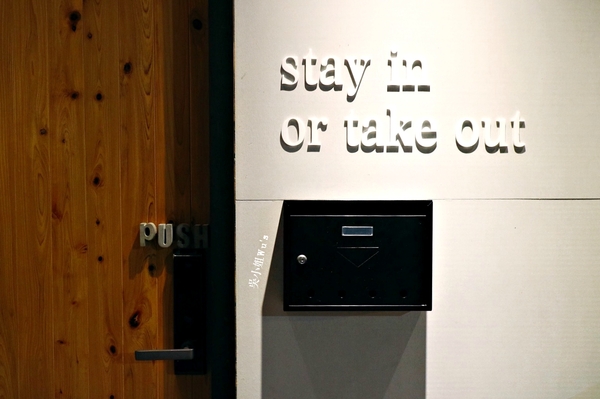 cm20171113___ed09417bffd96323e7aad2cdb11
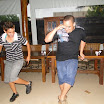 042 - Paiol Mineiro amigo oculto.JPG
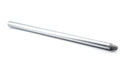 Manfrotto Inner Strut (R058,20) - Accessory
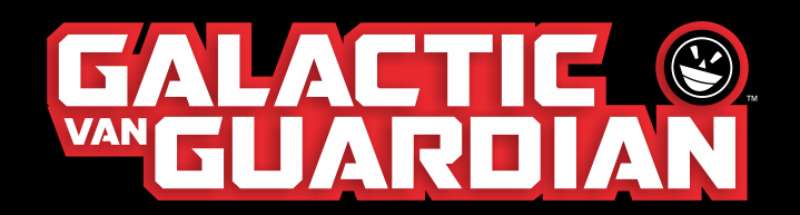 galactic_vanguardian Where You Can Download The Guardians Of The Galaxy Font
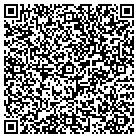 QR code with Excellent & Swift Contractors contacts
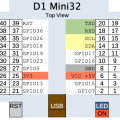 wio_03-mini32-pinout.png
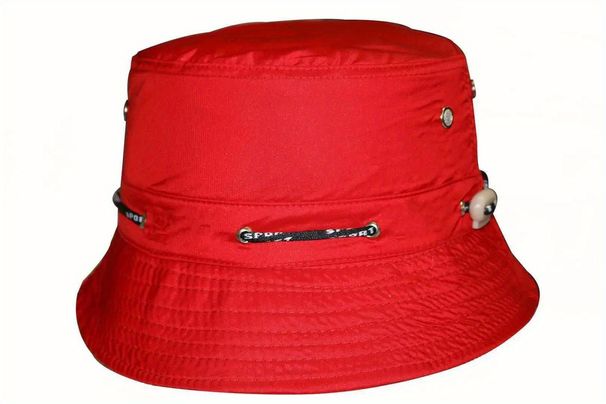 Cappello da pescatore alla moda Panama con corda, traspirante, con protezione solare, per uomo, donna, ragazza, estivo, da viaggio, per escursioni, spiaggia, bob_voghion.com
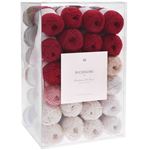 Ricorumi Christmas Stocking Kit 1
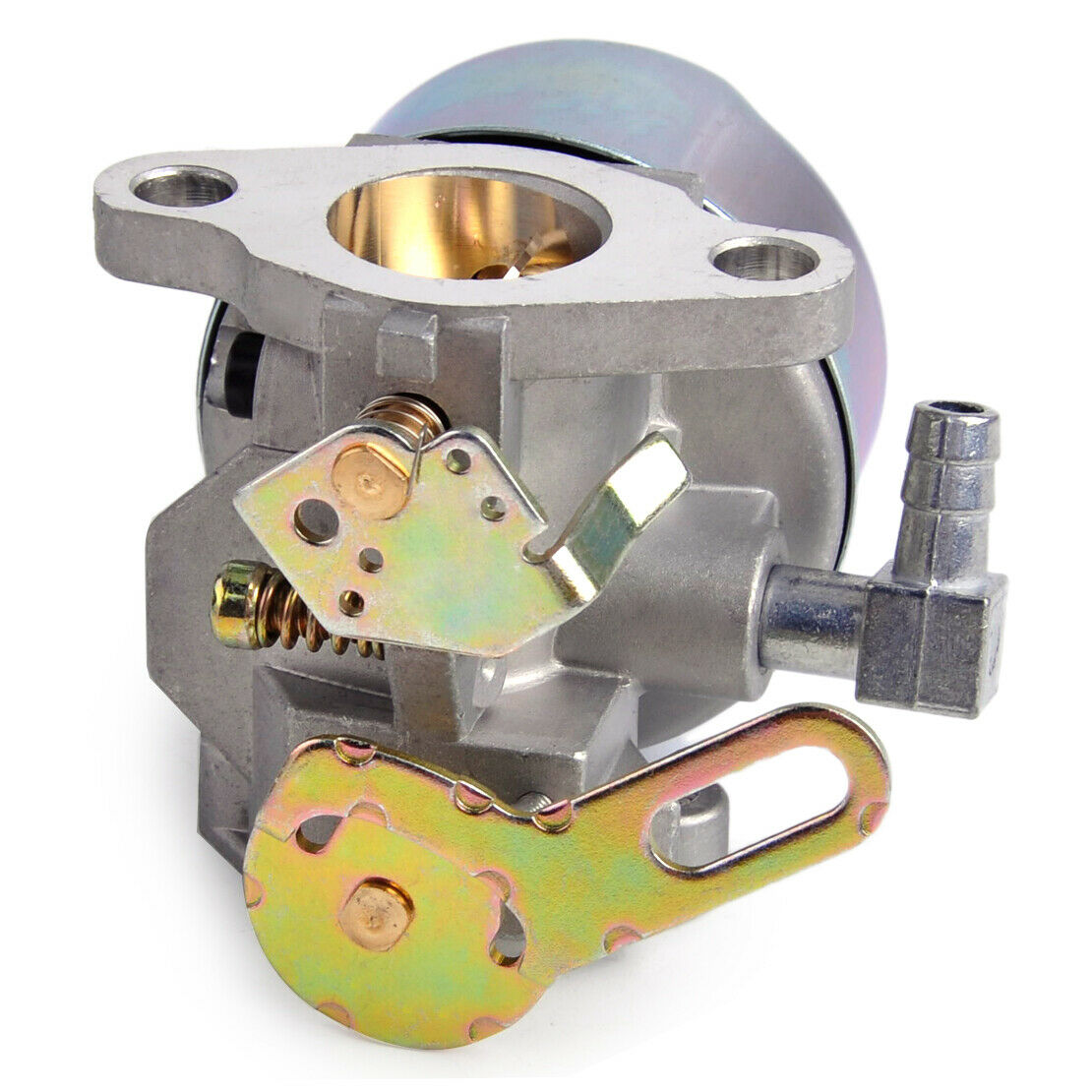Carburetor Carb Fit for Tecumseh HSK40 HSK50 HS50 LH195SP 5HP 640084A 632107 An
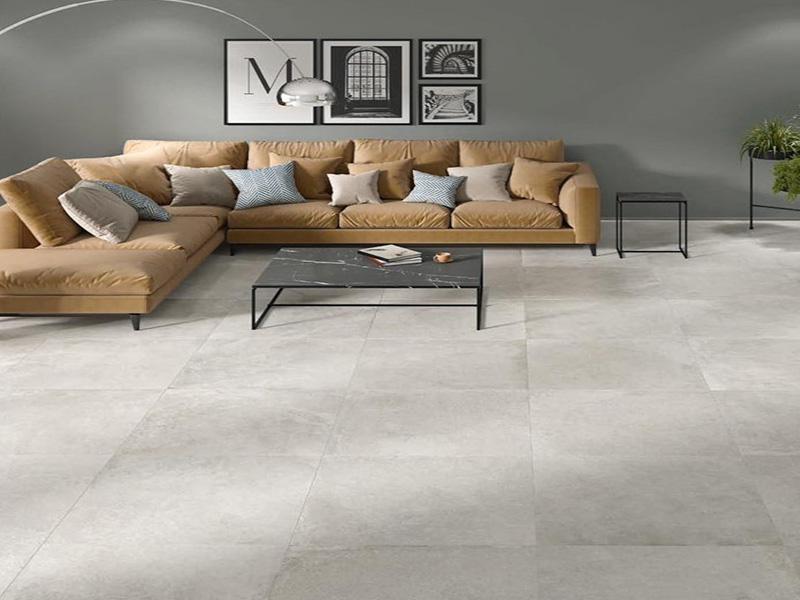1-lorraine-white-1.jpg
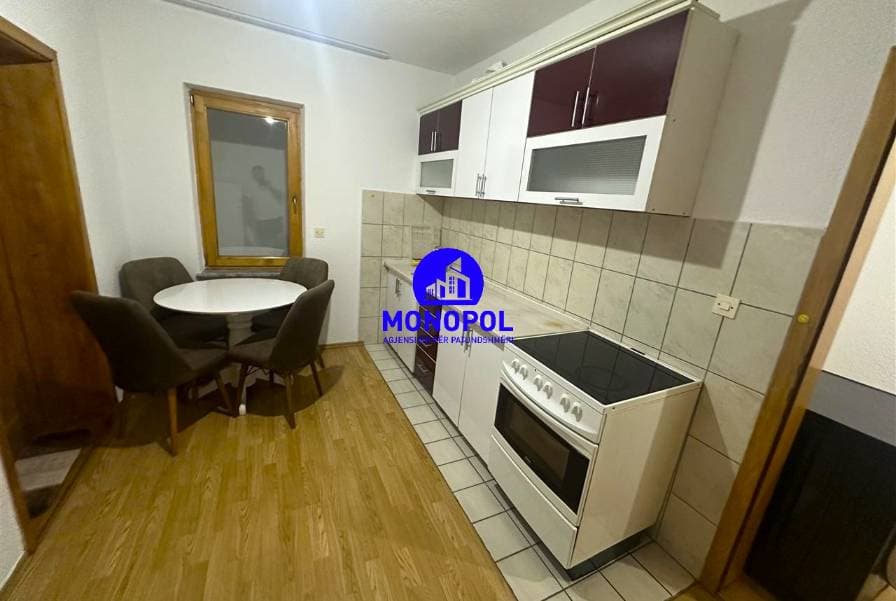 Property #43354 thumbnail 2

PROBLEM TO SOLVE
Exclude the pictures and give back the rest of the data above exactly as written.

WRITTEN SOLUTION
 cm20171113___ed09417bffd96323e7aad2cdb11
 042 - Paiol Mineiro amigo oculto.JPG
 Manfrotto Inner Strut (R058,20) - Accessory
 galactic_vanguardian Where You Can Download The Guardians Of The Galaxy Font
 QR code with Excellent & Swift Contractors contacts
 wio_03-mini32-pinout.png
 Cappello da pescatore alla moda Panama con corda, traspirante, con protezione solare, per uomo, donna, ragazza, estivo, da viaggio, per escursioni, spiaggia, bob_voghion.com
 Ricorumi Christmas Stocking Kit 1
Carburetor Carb Fit for Tecumseh HSK40 HSK50 HS50 LH195SP 5HP 640084A 632107 An
1-lorraine-white-1.jpg
 Property #43354 thumbnail 2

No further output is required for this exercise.